To my mind, defending the full inclusion of queer people in the church is akin to arguing that we should not understand creation to have happened in seven 24-hour days, or that we should not actually stone women for having affairs. Most of us are already in the practice of reading these other parts of the Bible in non-literal ways. There is hardly any interest in taking the Bible literally about rich people selling their possessions and giving their money to the poor. Christians are very happy not to read many parts of the Bible literally. But it is a sad tendency to read the Bible literally, or at least without regard to context, only when we want to decide who is in and who is out.

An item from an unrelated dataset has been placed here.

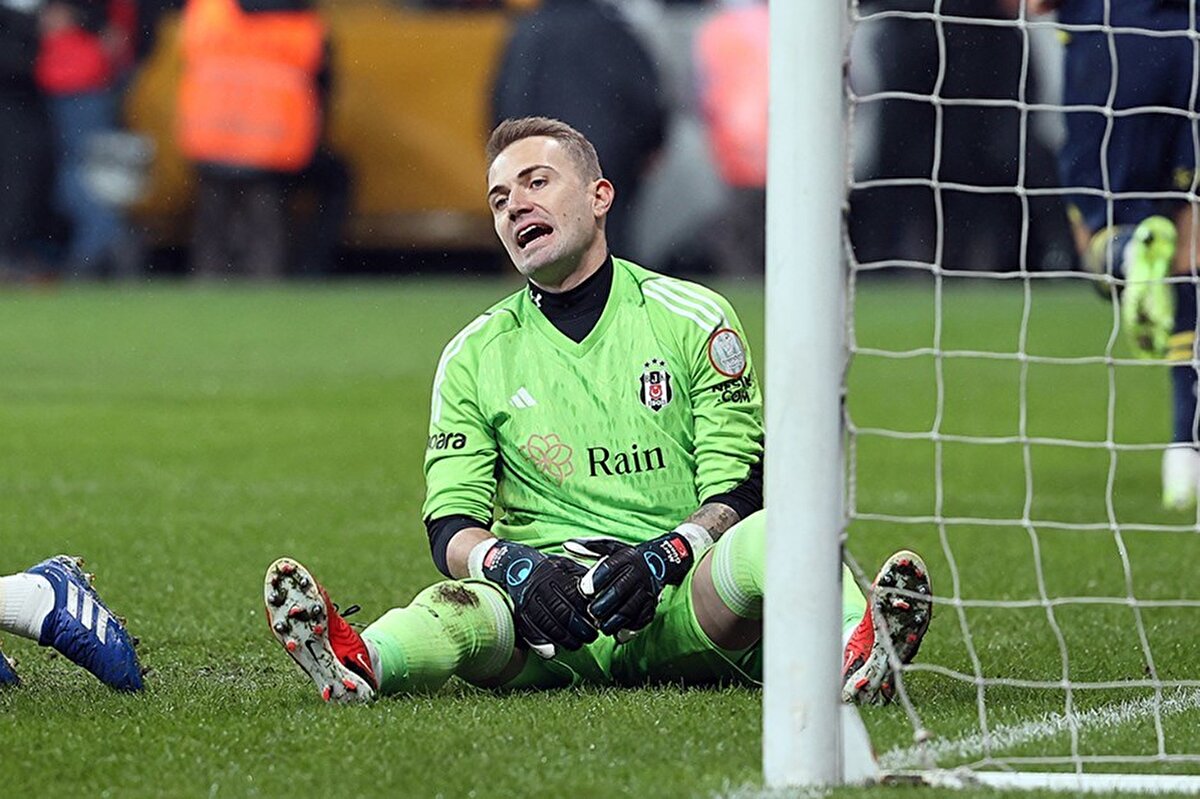 Öte yandan Mert Günok, kariyerinde Galatasaray'a karşı 15 maça çıktı.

The Bible is full of surprises, if we will read it with eyes open. For example, who would have thought that, in an apparent direct reference to forced abortion, God gives instruction to Moses in Numbers 5 for how prepare a concoction that would “cause bitter pain, and [a woman’s] womb shall discharge, her uterus drop” in the event that she were unfaithful to her husband?[4] Or what exactly does it mean that Jonathan’s love for David was so great as to be “passing the love of women”?[5] Or who would have thought that in Matthew 19 readers could find a recognition of people who are born neither fully male nor female using the most accessible language available at the time?[6] Certainly, these passages beg for closer reading and interpretation than I can possibly give here, and there are far better scholars capable of providing it. But it is also important to see that these passages were not written for us, and so they are also not open for us to take at face value for our own facile generalizations. For these and many other reasons, the door is open for us to re-engage things we might have thought were settled. With the eventual move toward inclusion, whether during this General Assembly or some other one, it is time we begin this work now to confess our sins against the LGBTQ community and seek to read the Bible in ways that reflect their dignity within God’s family.


[1]. Here I use queer inclusively to refer to the whole of the whole LGBTQIA+ community. This is practiced by many in the queer community, often as a way of reclaiming that label and erasing its power as a slur.

[2]. Anne Harding, Reuters Health. https://www.reuters.com/article/us-health-lgbq-religion-suicide/religious-faith-linked-to-suicidal-behavior-in-lgbq-adults-idUSKBN1HK2MA, accessed Feb 10, 2023.

[3]. Harding, Reuters Health.

[4]. Numbers 5:11-31. NRSV. “When he has made her drink the water, then, if she has defiled herself and has been unfaithful to her husband, the water that brings the curse shall enter into her and cause bitter pain, and her womb shall discharge, her uterus drop, and the woman shall become an execration among her people.

[5]. 2 Samuel 1:26. NRSV “I am distressed for you, my brother Jonathan; greatly beloved were you to me; your love to me was wonderful, passing the love of women.”

[6]. Matthew 19:12. NRSV. “For there are eunuchs who have been so from birth, and there are eunuchs who have been made eunuchs by others, and there are eunuchs who have made themselves eunuchs for the sake of the kingdom of heaven. Let anyone accept this who can.”

Adam Wallis, PhD is the son of a Nazarene minister, a graduate of Southern Nazarene University (BA Theology and Ministry), Nazarene Theological Seminary (MA, Theological Studies), Northern Illinois University (MA, Philosophy), and Boston University School of Theology (PhD, Theology). As one might expect, he is now a software developer and product manager and lives in the Chicago area.